The Bruery’s membership programs (the Reserve and Hoarders Societies) give members access to allocated releases that don’t make it to the general public, which tells you about the level of enthusiasm surrounding this place. The taproom in Placentia isn’t in a particularly exciting neighborhood, but the beers are the reason to go.
What to order: Whatever barrel-aged stout or sour is currently pouring. Ask the staff what just came out of the barrels — they know and they’ll tell you.
Riip Beer Company (Huntington Beach)
If you ask OC craft beer regulars which brewery has the best-tasting beers in the county, Riip comes up constantly and often wins the argument.

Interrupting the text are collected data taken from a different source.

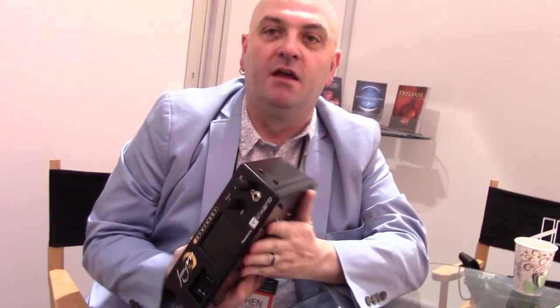This is Stephen Fortner here at NAMM 2016 for Keyboard Magazine, and I just saw something that every pianist, every singer-songwriter who plays piano, every gigging multi-keyboardist is going to want.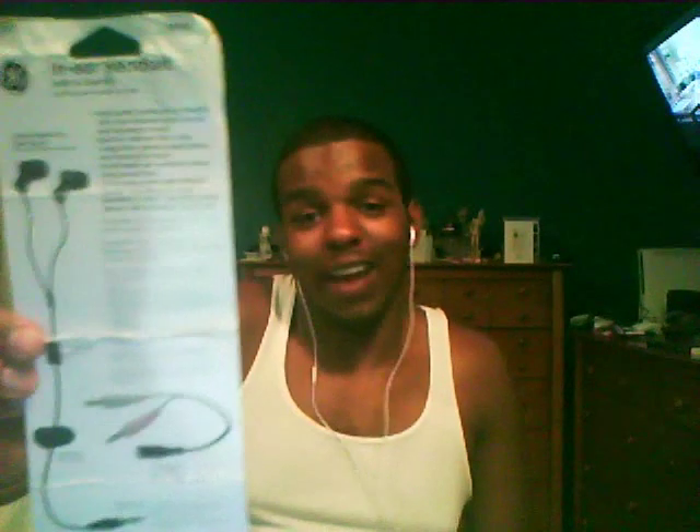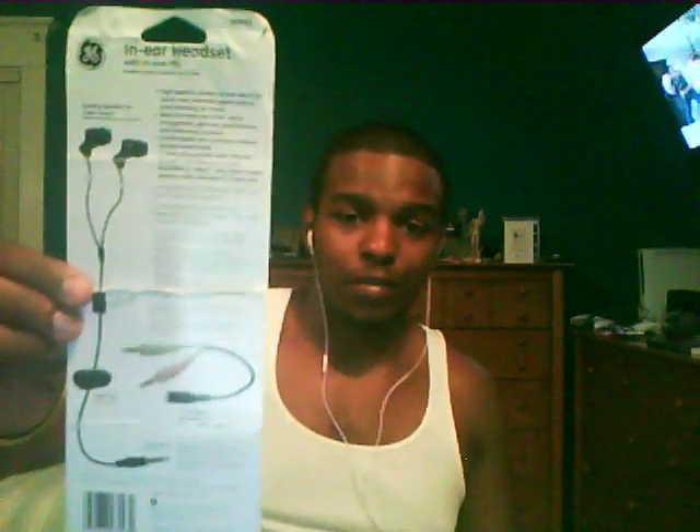What you're interested in is that adapter right there. These are the headphones — they're supposed to be really comfortable. I ended up giving them to a friend because I didn't need them. He needed them for his iPod Touch so he could use Skype, since with the second-generation iPod Touch you can plug in equivalent headphones and talk over Skype.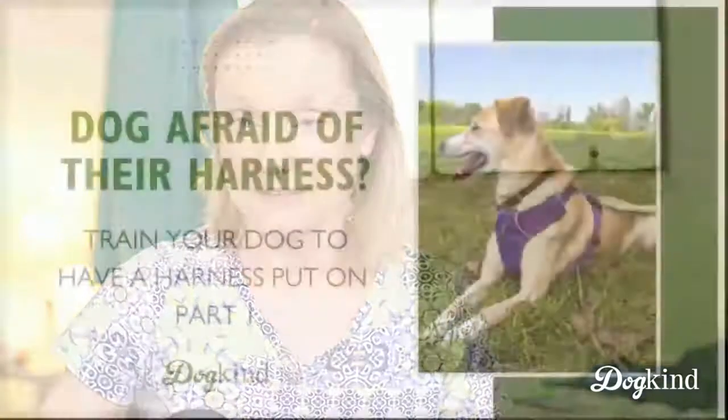Hi everyone, happy Monday again. This week we're going to be talking about harness training. We have done this before — there's a blog and video on our blog about training dogs who are a little bit sensitive to being harnessed. But today I wanted to do a little more in-depth introduction for dogs who need extra steps, slower work, who are really afraid of handling, afraid of objects in your hand. So we're going to take it a little slower today.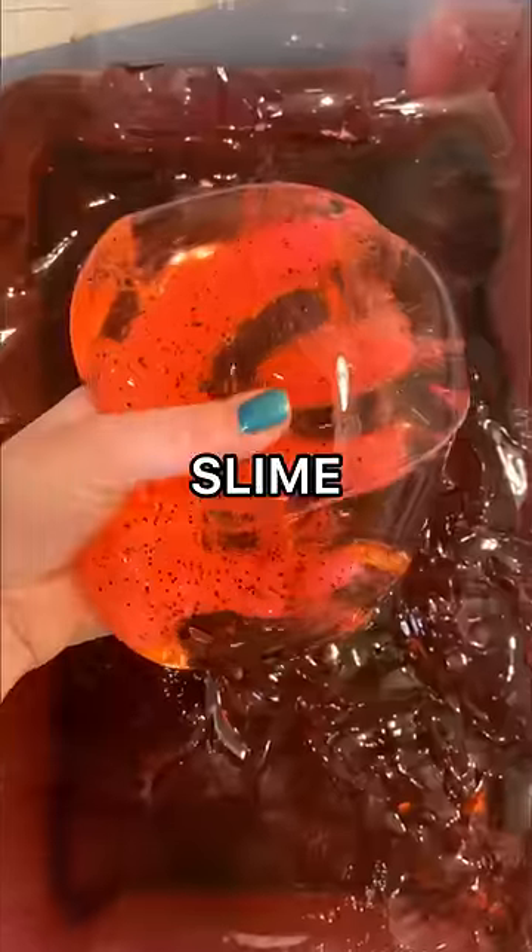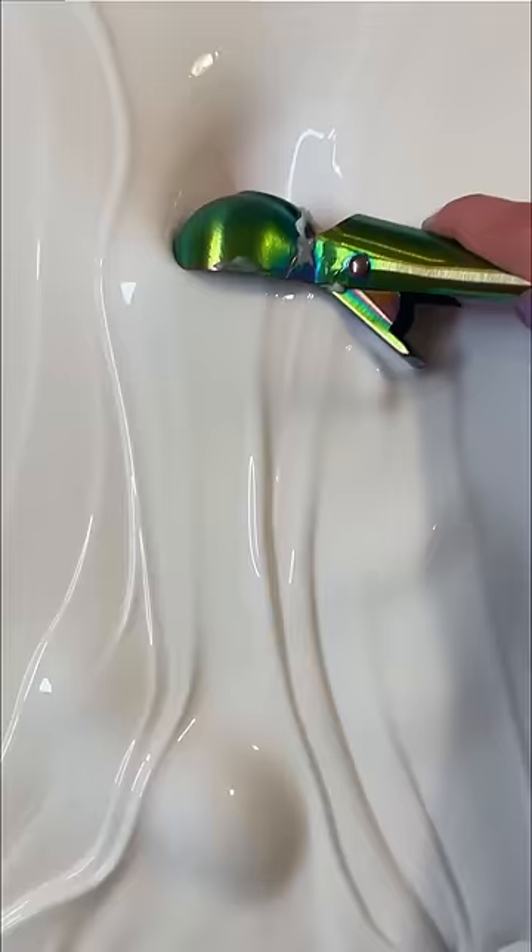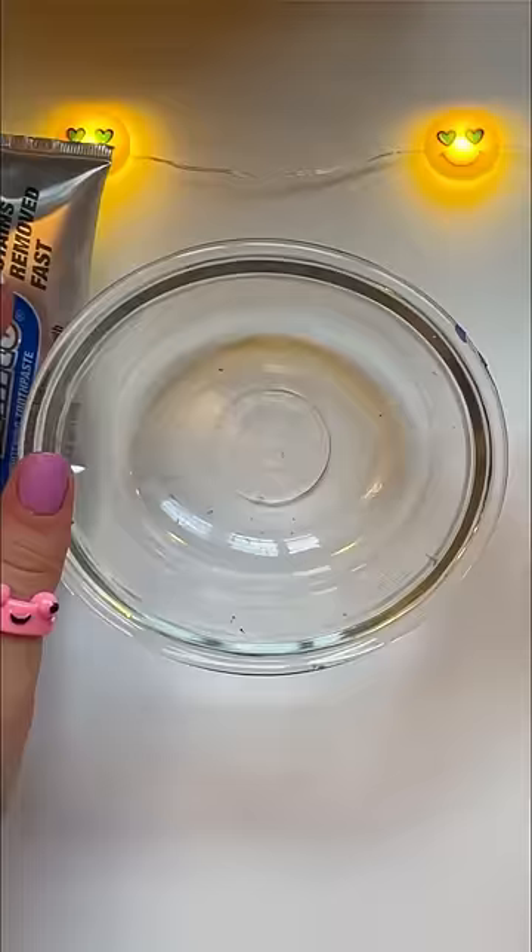Let's test out three no-glue slime recipes that actually work. This first recipe is supposed to make a glossy slime. All it needs is toothpaste, baking soda, and a spoon.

Located on Pacific Coast Highway in Huntington Beach, the tap list is innovative and delicious, the wings are legitimately excellent (dry-rubbed, worth ordering every time), and the combination of great beers, real food, and a Huntington Beach location make it one of the most enjoyable brewery experiences in OC.
Riip doesn’t have the name recognition of Bottle Logic nationally or the social scene of Brewery X, but among locals who have been around the OC brewery circuit for years, it tends to be the answer when someone asks where you’d actually go on a random Friday.
What to order: Whatever IPA is currently on the rotating list. The dry-rubbed wings. The truffle fries if you want to commit.
Bootlegger’s Brewery (Fullerton)
Bootlegger’s was one of the early OC craft breweries that helped shape the scene into what it is now.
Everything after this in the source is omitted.